Okay, so I know I’m not the only one writing about what the Twitter world collectively calls "Ubergate," but I think it’s important to delve into this issue a bit here and flesh out why this demonstrates the organizational need for privacy professionals and privacy ethics.

Much of this current firestorm centers on the alleged unethical use of sensitive personal data collected every day by the popular rideshare start-up.

To quickly sum this latest privacy kerfluffle: A journalist, himself using questionable ethics, quoted Uber's senior vice president's off-the-record discussion about using data collected from its services to go after its enemies. But this isn't the only time the media has focused on what many sources have been calling  a culture problem at Uber, particularly its questionable use of customer data. For example, according to venture capitalist Peter Sims, Uber used a “God View” for stalking purposes, while others have raised concerns about how the company has mined its data as seen in its “Rides of Glory” and “crime location knowledge demand” blog posts.

The company, which was formed in 2009, does have a privacy policy, and it has repeatedly pointed out that it has clear policies against the use of travel logs outside of legitimate business purposes. A spokesman said, “These polices apply to all employees. We regularly monitor and audit that access." 

Plus, on Thursday, a representative from Uber told me, "We have a privacy team within the legal department under managing counsel Katherine Tassi. Katherine reports to our GC and joined Uber this past summer" and that they "are continually building their team internally."

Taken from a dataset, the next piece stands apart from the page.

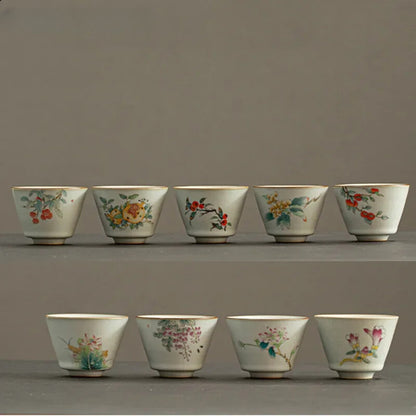 Ru Kiln Teacup Persimmon Ceramic Tea Cup Personal Single Cup Boutique Tea Set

Regardless, this media flap is a nightmare. In addition to slews of negative headlines, it has gotten the attention of U.S. lawmakers, particularly Sen. Al Franken (D-MN). On Thursday, he sent a list of 10 questions he wanted answered about the company's data-handling practices.

Clearly, the lesson here is privacy cannot be ignored, pushed aside or minimized in organizations. Privacy must be addressed with experts who are trained to spot privacy issues and questionable uses. 

It looks like Uber is learning this important lesson as is evidenced by their internal privacy team improvements and hiring of Harriet Pearson, CIPP/US, and the Hogan Lovells team. Uber is definitely in capable hands, but it could have avoided this firestorm and likely saved a lot of money if it had ingrained privacy and privacy professionals into its services years—instead of months—ago. As Pearson says, "Trust founded on confidentiality and information security lies at the very heart of Uber's business, and we will be working with the team to review and reinforce where appropriate its policies and systems."

Your customers care about what you do with their data, but more and more are feeling a loss of control. Just look at the recent Pew Internet Research report on this. UC Berkeley Law Prof. Chris Hoofnagle, in a report for The Washington Post, rightly said, “We have never in history been at a point where we were more extortion-able.” He’s correct. This is the society in which we’re taking part, and we’re all becoming more vulnerable because of it.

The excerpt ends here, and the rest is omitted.